Mass Culture and Working Class Longing

Fred Inglis, Richard Hoggart: Virtue and Reward

Polity, 280pp, £25.00, ISBN 9780745651712

reviewed by Benedict Clarke

In ‘Culture is Ordinary’ (1958), a short essay which was to become tremendously influential in the development of cultural studies, Raymond Williams wrote:

There is a distinct working-class way of life, which I for one value - not only because I was bred in it, for I now, in certain respects, live differently. I think this way of life, with its emphases of neighbourhood, mutual obligation, and common betterment, as expressed in the great working-class political and industrial institutions, is in fact the best basis for any future English society.

The emphasis that Williams gave to working class culture was, in an important sense, a rejection of certain tendency in Marxist theory to assume that all culture was necessarily bourgeois. Fred Inglis’s Richard Hoggart: Virtue and Reward, published half a century after ‘Culture is Ordinary’, charts the life of a significant English intellectual who diagnosed the decisive transformation of working class culture that followed Williams’ pronouncement.
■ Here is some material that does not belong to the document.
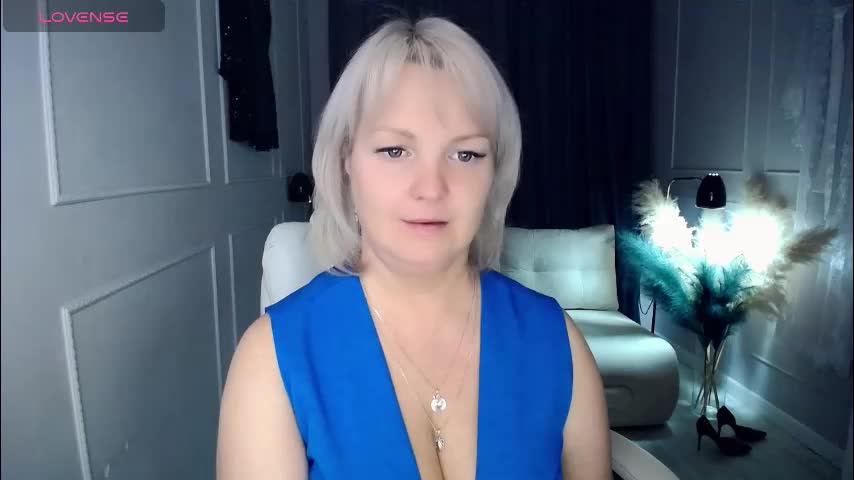 emmmam Приват Записи 2025-11-12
Hoggart was born and grew up in and around Leeds, a place which he drew upon for perhaps his most significant study, The Uses of Literacy (1957). This study dealt with the emergence of ‘mass culture’, in the form of popular literary publications such as magazines, newspapers and pulp fiction, as well as movies. In it, Hoggart diagnosed a ‘drift’ in which working class life became increasingly interfused with mass communication - its attendant content being advertising and exchange relations. The threat of mass culture to flourishing working class institutions returned to Hoggart throughout his life. The adult education courses he ran in north-east Yorkshire, on ‘The English Novel’ to ‘Choral Music’ to ‘Beginners French’, were in fidelity to an autonomous culture, distinct from the purely instrumentalised demands of society. He was acutely aware of the throttling grip that Oxford and Cambridge held over English cultural life and his commitment to education was driven towards widening participation through other means than the dominant university milieu. In 1964 Hoggart founded the brilliant and groundbreaking Centre for Contemporary Cultural Studies in Birmingham, which would become synonymous with the studies of race and class undertaken by, amongst others, Stuart Hall and Paul Gilroy. This institution kick-started the discipline of cultural studies and introduced a critical imperative in the humanities which continues to mark radical thought in Britain today.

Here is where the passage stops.